**DATA SHOWN:**
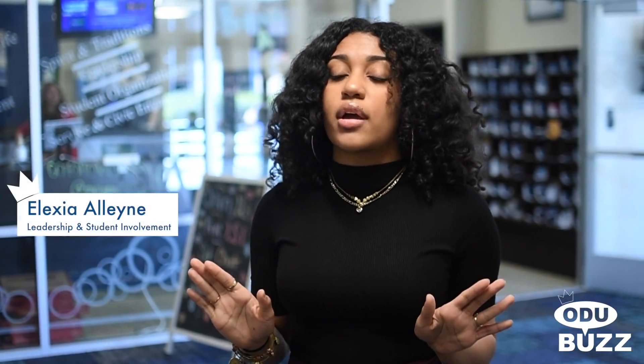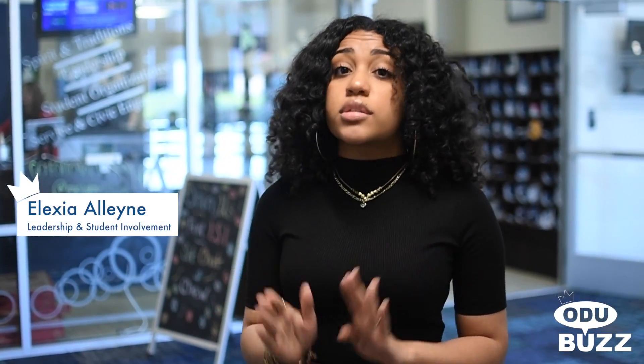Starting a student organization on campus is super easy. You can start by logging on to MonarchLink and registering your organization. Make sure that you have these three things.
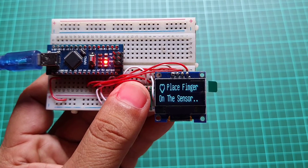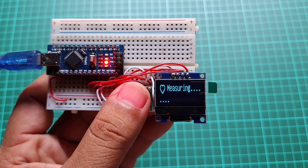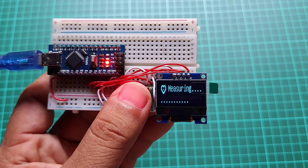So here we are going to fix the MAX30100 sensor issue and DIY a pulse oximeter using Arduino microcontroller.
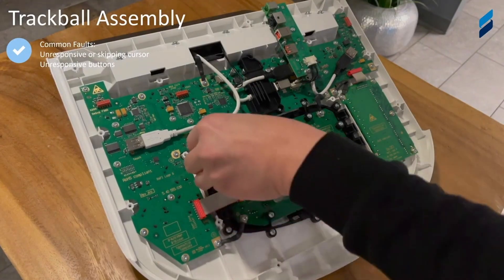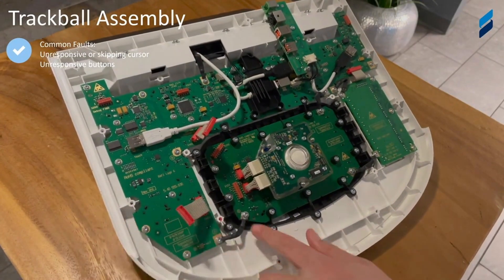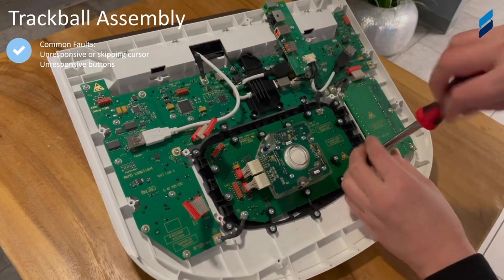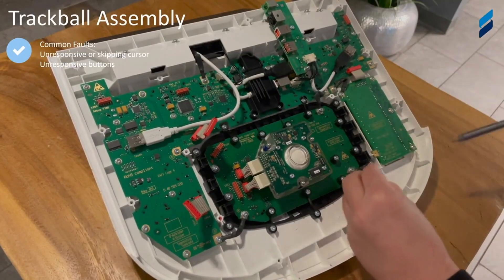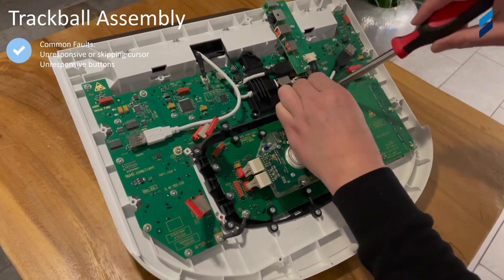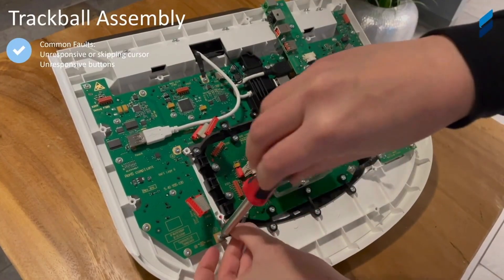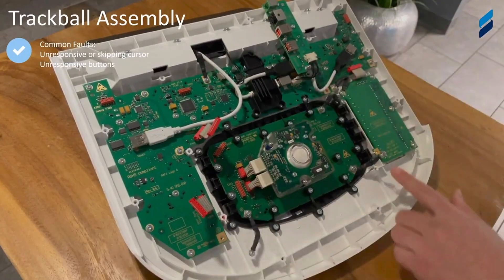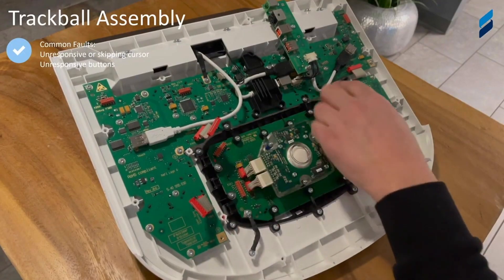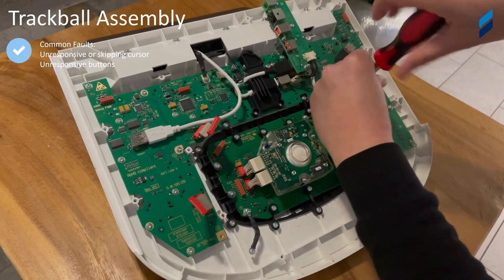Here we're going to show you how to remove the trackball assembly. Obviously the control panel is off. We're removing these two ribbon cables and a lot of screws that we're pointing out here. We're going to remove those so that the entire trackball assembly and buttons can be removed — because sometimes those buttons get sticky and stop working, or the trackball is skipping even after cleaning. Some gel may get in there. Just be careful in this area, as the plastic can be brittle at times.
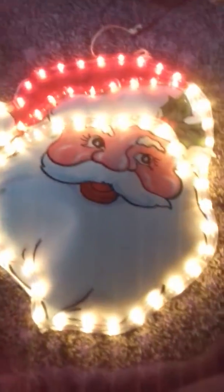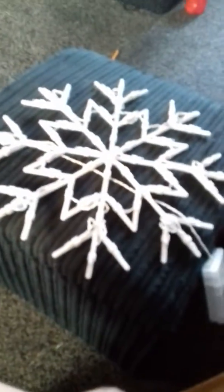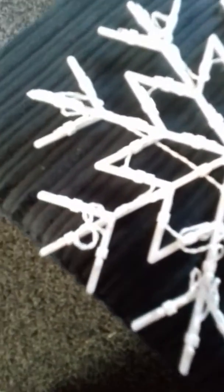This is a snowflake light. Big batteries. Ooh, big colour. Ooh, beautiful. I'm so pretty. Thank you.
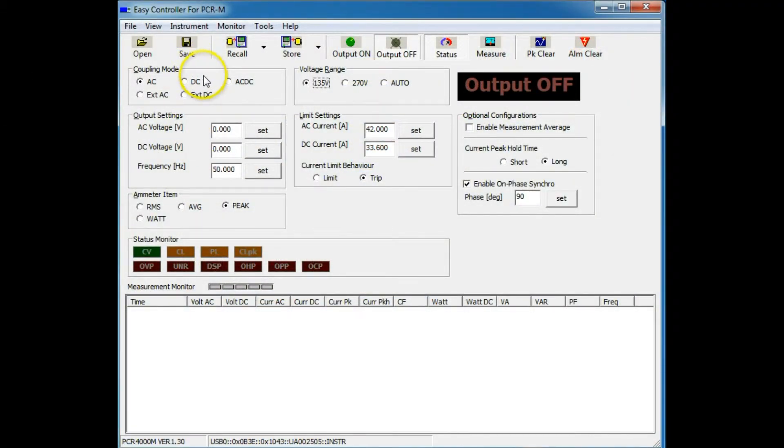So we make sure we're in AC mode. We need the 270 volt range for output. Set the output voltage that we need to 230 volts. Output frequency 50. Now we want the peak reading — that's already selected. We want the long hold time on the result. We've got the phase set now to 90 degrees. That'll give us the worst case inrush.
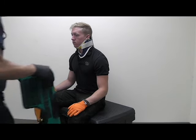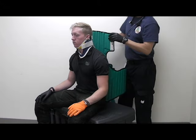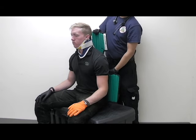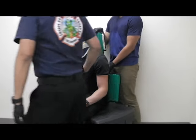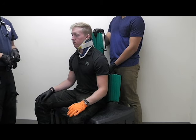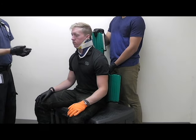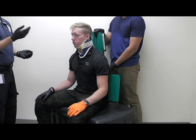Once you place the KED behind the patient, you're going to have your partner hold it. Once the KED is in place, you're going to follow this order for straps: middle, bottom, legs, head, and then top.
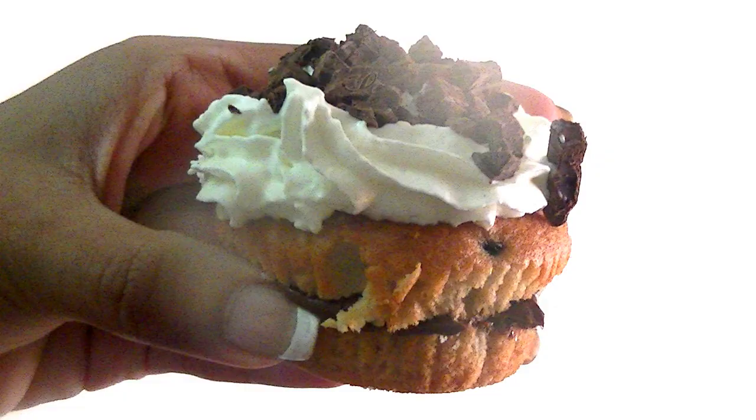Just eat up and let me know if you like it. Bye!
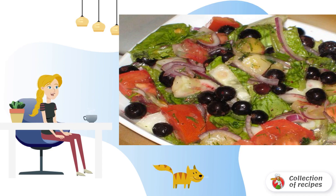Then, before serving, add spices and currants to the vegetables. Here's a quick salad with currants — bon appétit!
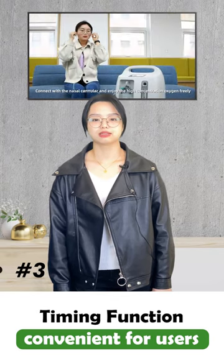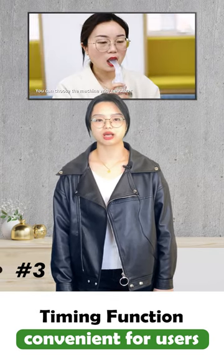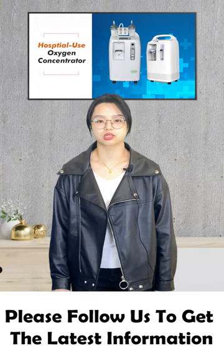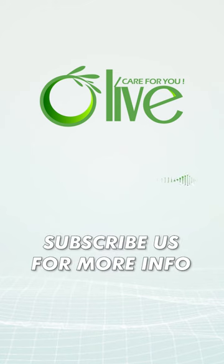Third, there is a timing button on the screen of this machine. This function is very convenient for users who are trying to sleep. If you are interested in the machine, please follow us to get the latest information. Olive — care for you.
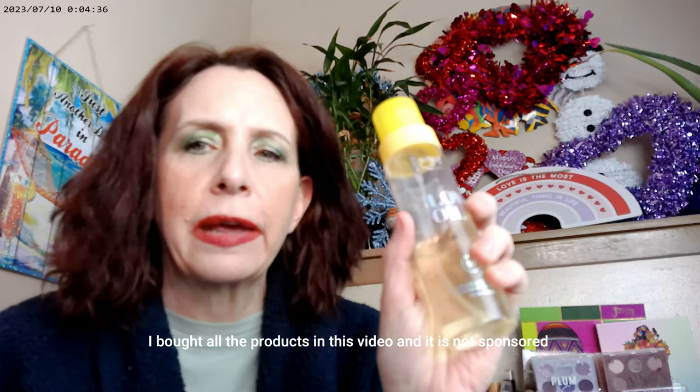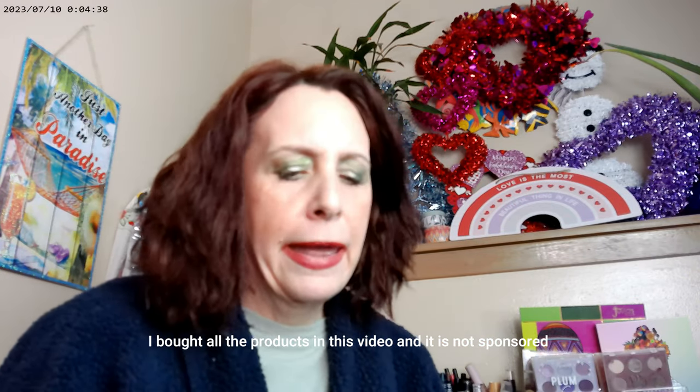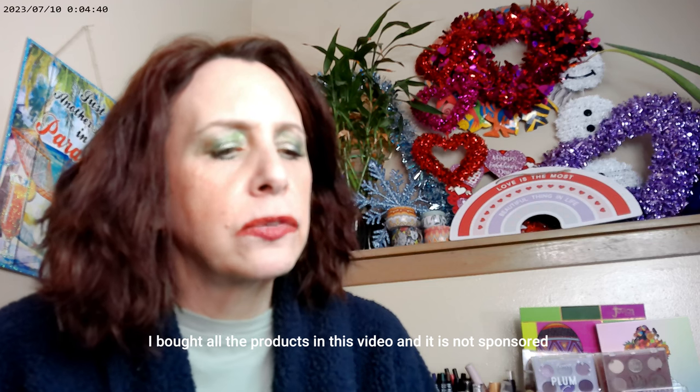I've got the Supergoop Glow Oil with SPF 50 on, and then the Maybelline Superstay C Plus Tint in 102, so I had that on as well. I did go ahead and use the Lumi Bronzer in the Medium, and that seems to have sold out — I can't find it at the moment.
==
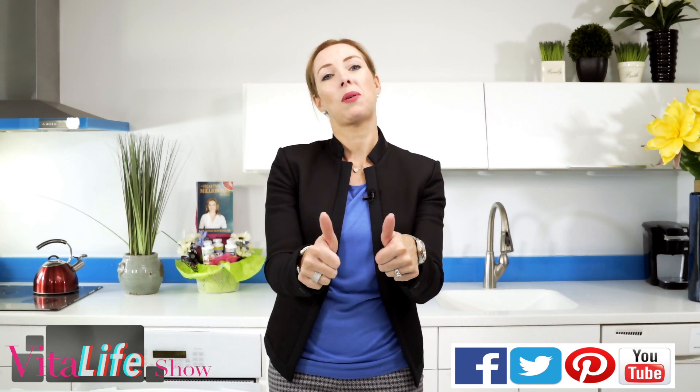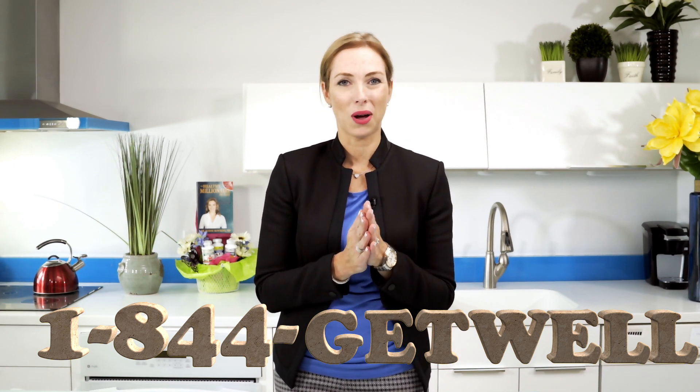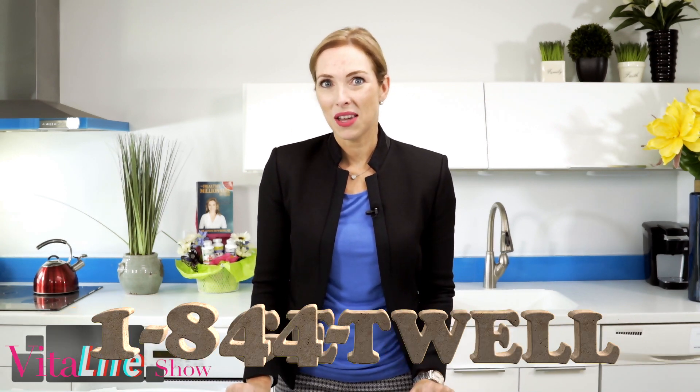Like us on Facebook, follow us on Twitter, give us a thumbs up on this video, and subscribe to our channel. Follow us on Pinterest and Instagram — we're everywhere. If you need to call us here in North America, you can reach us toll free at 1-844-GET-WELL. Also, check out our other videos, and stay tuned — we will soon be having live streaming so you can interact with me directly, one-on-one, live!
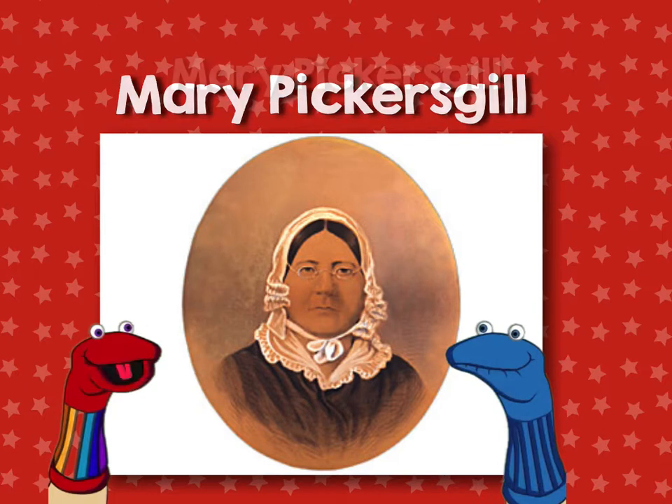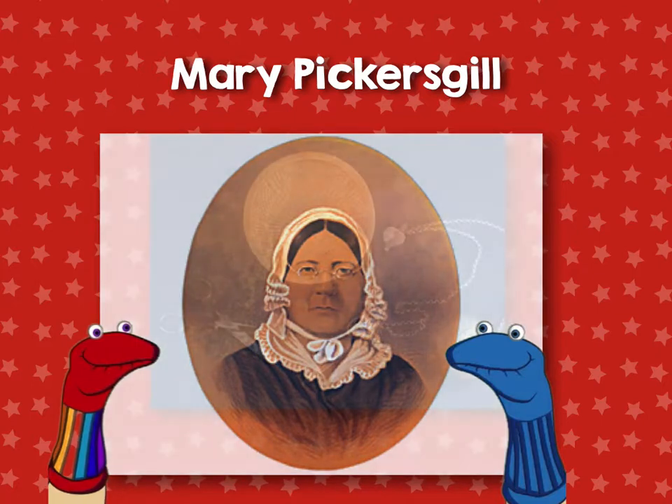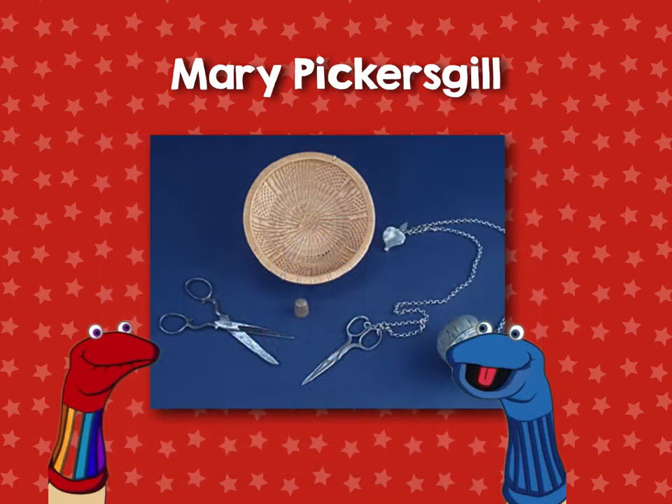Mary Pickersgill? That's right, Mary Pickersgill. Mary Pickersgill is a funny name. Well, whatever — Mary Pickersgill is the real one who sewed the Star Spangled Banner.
==
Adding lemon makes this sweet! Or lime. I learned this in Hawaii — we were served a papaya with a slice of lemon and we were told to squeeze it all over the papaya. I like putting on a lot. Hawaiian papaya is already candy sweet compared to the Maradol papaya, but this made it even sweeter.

**EXERCISE REQUIREMENTS:**
What you return must match, character for character, the lines above from the one with "Then, before serving, add" through the one with "I've got the", minus any pictures.

**EXPECTED ANSWER:**
Then, before serving, add spices and currants to the vegetables. Here's a quick salad with currants — bon appétit!
Third, there is a timing button on the screen of this machine. This function is very convenient for users who are trying to sleep. If you are interested in the machine, please follow us to get the latest information. Olive — care for you.
I've got the Supergoop Glow Oil with SPF 50 on, and then the Maybelline Superstay C Plus Tint in 102, so I had that on as well. I did go ahead and use the Lumi Bronzer in the Medium, and that seems to have sold out — I can't find it at the moment.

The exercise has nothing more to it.